Jair Rodrigues Júnior (born 26 August 1994), known simply as Jair, is a Brazilian footballer who plays as a centre midfielder for Vasco da Gama.

Career
Born in Ibirubá, Rio Grande do Sul, Jair began his career at Sport Club Internacional. He was first included in a senior matchday squad on 14 September 2012, remaining an unused substitute in a 1–1 draw at Botafogo de Futebol e Regatas in the year's Campeonato Brasileiro Série A.

On 21 May 2014, he made his debut by replacing Alex  after 50 minutes of an eventual 1–1 draw at Coritiba Foot Ball Club. He made his first start on 14 August in the third round second leg of the year's Copa do Brasil, playing the first 33 minutes of a 3–1 loss at Ceará Sporting Club (5–2 aggregate).

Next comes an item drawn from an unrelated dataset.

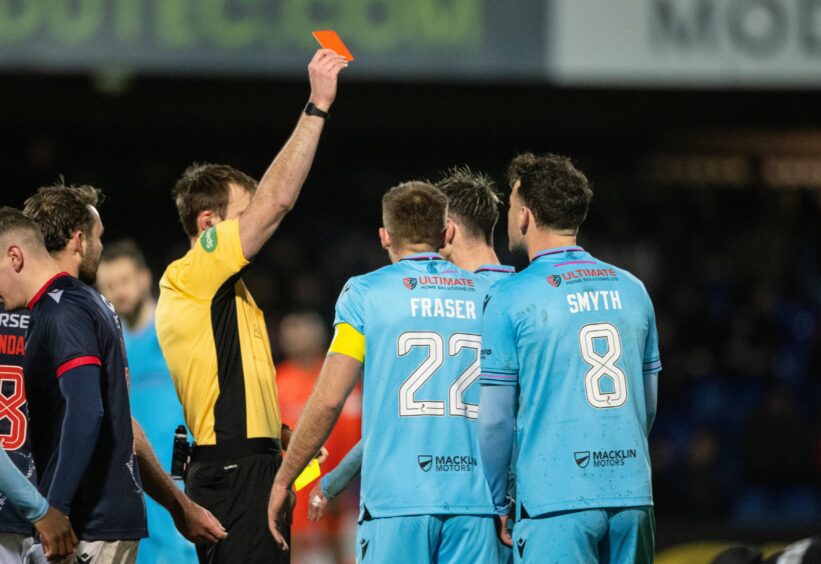 St Mirren's Scott Tanser is shown a red card by referee Iain Snedden for a second booking against Ross County. 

He played his first Campeonato Gaúcho game on 14 February 2016, featuring for the entirety of a 1–1 draw at Clube Esportivo Aimoré.

Jair left Internacional in 2017 and had a series of spells at Rio Verde, Boa Esporte, Veranópolis and Juventude, before joining Sport Recife on 29 August 2018. He made 13 appearances in the 2018 Série A season, scoring twice in a 4–3 away win over Grêmio.

On 3 January 2019, Jair joined Atlético Mineiro on a four-year deal.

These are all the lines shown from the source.